- Born: 1641 Milton Ernest, Bedfordshire
- Died: 1672
- Education: St Catharine's College, Cambridge
- Awards: Fellow of the Royal Society (1664)

= Thomas Rolt (gentleman) =

English gentleman 1641-1672

Thomas Rolt FRS (January 1641 – October 1672) was an English gentleman, and Fellow of the Royal Society.

==Life==
Rolt was born in Milton Ernest, Bedfordshire in January 1641. He was the son of landowner Sir John (d. 1651) and Lady Anne Rolt (née Barnardiston; ca. 1617-1691), from the manor of Milton Ernest. Rolt had a sister, Elhanna, who later married Thomas D'Aeth.
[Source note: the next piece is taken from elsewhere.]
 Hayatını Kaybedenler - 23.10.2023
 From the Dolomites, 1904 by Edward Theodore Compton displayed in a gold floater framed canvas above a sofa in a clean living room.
Rolt matriculated at St Catharine's College, Cambridge in 1660, where he had the status of Fellow Commoner. In 1662, Rolt leased Milton Ernest manor to his maternal uncle, Nathaniel Barnardiston. He was admitted to the Middle Temple in 1663.
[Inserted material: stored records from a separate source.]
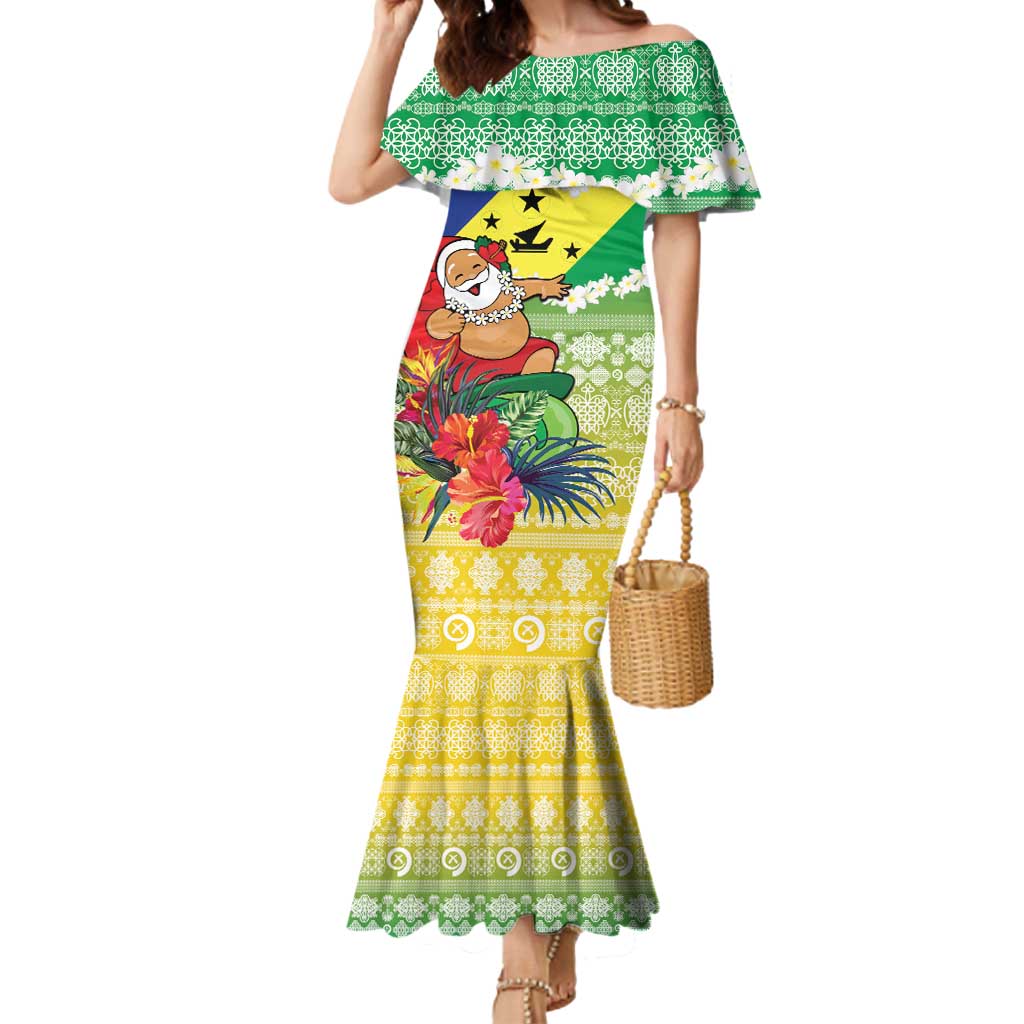 Personalised Malampa Joyeux Noel Mermaid Dress Proud To Be a Ni-Van Sand Drawing Art LT9 Women Lime - Polynesian Pride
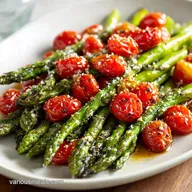 Balsamic Parmesan Roasted Asparagus and Tomatoes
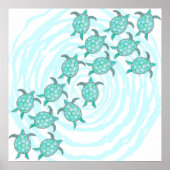 Waterverf Blauwgroen Zeeen Poster (Voorkant)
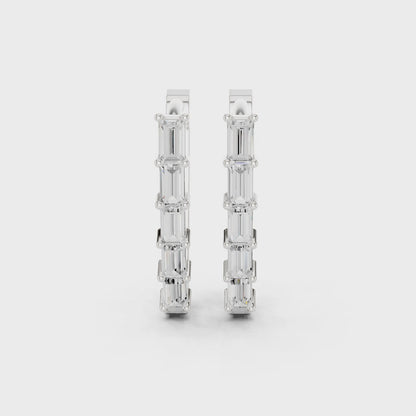 Essential Prism Emerald Diamond Hoop Earrings in Silver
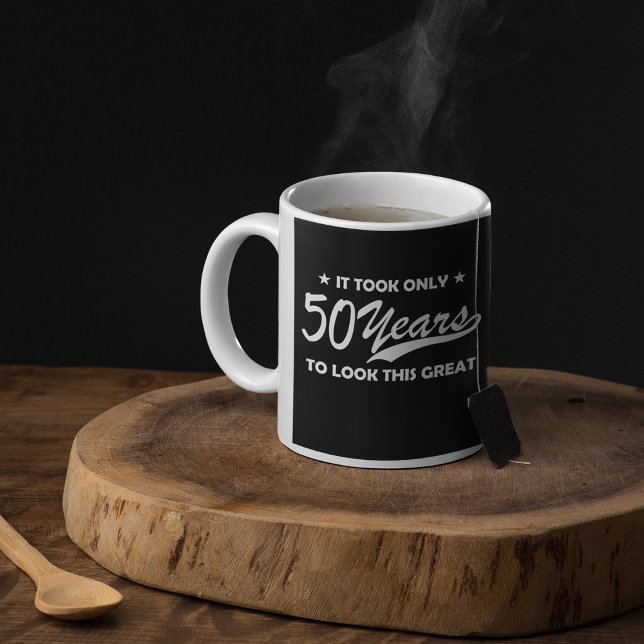 Rolig 50-årsdag Retro-typografi Kaffemugg (Skapare uppladdad)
In 1664, he married Mary Coxe, daughter of Thomas Coxe FRS, physician to Charles II. Rolt was admitted as a Fellow of the Royal Society in December 1664, having been proposed for election by his father-in-law, Thomas Coxe.

Little is known of Rolt’s life. Rolt and his wife had three children, the youngest of whom, Samuel, was born in 1671. After Rolt’s death in October 1672, his widow, Mary, married Rolt's namesake Thomas Rolt, who was an official with the East India Company, and later Governor of Bombay.

Rolt's son Samuel Rolt (1671-1717) was later MP for Bedford.